Cancún y los mitos globalifóbicos

“Vidas, no patentes” es uno de los lemas que gritan los globalifóbicos aquí en Cancún, durante la conferencia de la OMC. Forma parte de la feroz lucha contra los derechos de propiedad intelectual. ¿Quién tiene derecho a fabricar medicinas y a producir alimentos genéticamente mejorados? Esas son dos de las grandes confrontaciones.

“Hay que prohibir las patentes sobre formas de vida para preservar la biodiversidad, la seguridad alimenticia y los derecho de los indígenas del dominio corporativo sobre los recursos genéticos”, declara un grupo de parlamentarios verdes y socialistas, durante una conferencia de prensa.

Activistas del Global Access Project irrumpieron por los pasillos del centro de convenciones, exigiendo "medicinas para todas las naciones". El estadounidense Andrew Kimbrell, director del Center for Technology Assesment, denunció las patentes llamándolas “biocolonialismo”. El activista de la India Mira Shiva se reclama: “¿Por qué los pobres tienen que sufrir y morir si existen medicinas que salvan vidas?”

Todo el mundo comprende la importancia de los derechos de propiedad que protegen nuestras casas y automóviles. Las cercas protegen los terrenos y las cerraduras nuestras pertenencias. Pero la propiedad intelectual no puede ser protegida con candados ni cercados. Una vez que un laboratorio farmacéutico ha desarrollado una nueva y efectiva medicina, otros la pueden copiar fácilmente. Eso significa que quien le dedica tiempo, esfuerzo y dinero para ofrecer un nuevo medicamento no sería compensado por su trabajo ni podrá recuperar su inversión. Las patentes aportan el incentivo necesario para que haya descubrimientos y se ofrezcan nuevos productos que salvarán vidas.

Las patentes son monopolios temporales que normalmente duran 20 años. Para lograr patentar un producto, el inventor debe mostrar cómo lo hizo, para que otros lo puedan hacer también, una vez vencida la patente. Son el incentivo esencial para que se inventen nuevos procedimientos y nuevos productos. Prueba de ello es que casi todos los productos que utilizamos a diario estuvieron alguna vez patentados. De no ser así, no gozáramos hoy de ellos.

Es probable que a corto plazo los pobres del mundo se beneficien de la eliminación de las patentes, pero a mediano y largo plazo todos saldríamos perdiendo porque se paralizarían totalmente las investigaciones y el desarrollo de nuevos medicamentos milagrosos.

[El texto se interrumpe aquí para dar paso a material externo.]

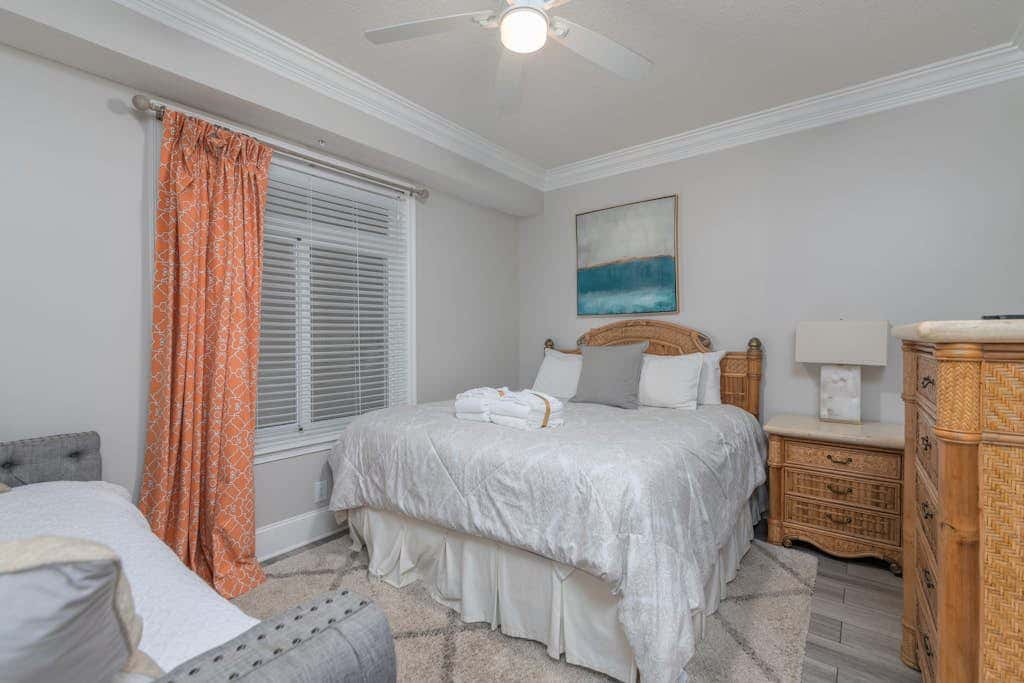 Panoramic direct oceanfront view condo with pool, hot tub, gym & steps to beach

El costo de las investigaciones científicas en las nuevas medicinas contra el sida fue inmenso. La realidad es que producir la primera pastilla costó alrededor de 500 millones de dólares y producir la segunda cuesta 5 centavos. Claro que quienes no invirtieron en investigaciones y pruebas médicas estarán felices de producirlas y venderlas a 10 centavos, pero a ese precio jamás el inventor recuperará su inversión y jamás repetirá tal esfuerzo. Sin las actuales patentes, millones de personas hubieran muerto de enfermedades que hoy son controladas.

Algunas patentes en el campo de la biotecnología parecen ser vagas y muy amplias, pero su eliminación total conduciría a la desaparición de nuevas investigaciones en un campo que, aunque polémico, ha disparado el volumen de las cosechas y reducido la utilización de fertilizantes químicos que dejan rastros indeseables en los ríos y lagos. Pero nadie ha sufrido un estornudo o un dolor de cabeza o de estómago por consumir alimentos genéticamente modificados.

Los campesinos de la India quieren sembrar maíz genéticamente modificado para que sus cosechas no sean destruidas por hongos. Empresas como Monsanto y Bayer han desarrollado nuevas biotecnologías que logran granos resistentes a insectos y enfermedades, a la vez que multiplican el tamaño de las cosechas. ¿Acaso son esas empresas los monstruos que los globalifóbicos denuncian?

La realidad es totalmente al revés de como la perciben los activistas aquí en Cancún. La propiedad intelectual, lejos de perjudicar a los pobres, es la base de las tecnologías modernas y de los adelantos que permitirán que los pobres prosperen, se alimenten mejor, vivan más y disfruten con el resto de nosotros las maravillas del siglo XXI.

Ronald Bailey es corresponsal de la agencia © AIPE en Cancún.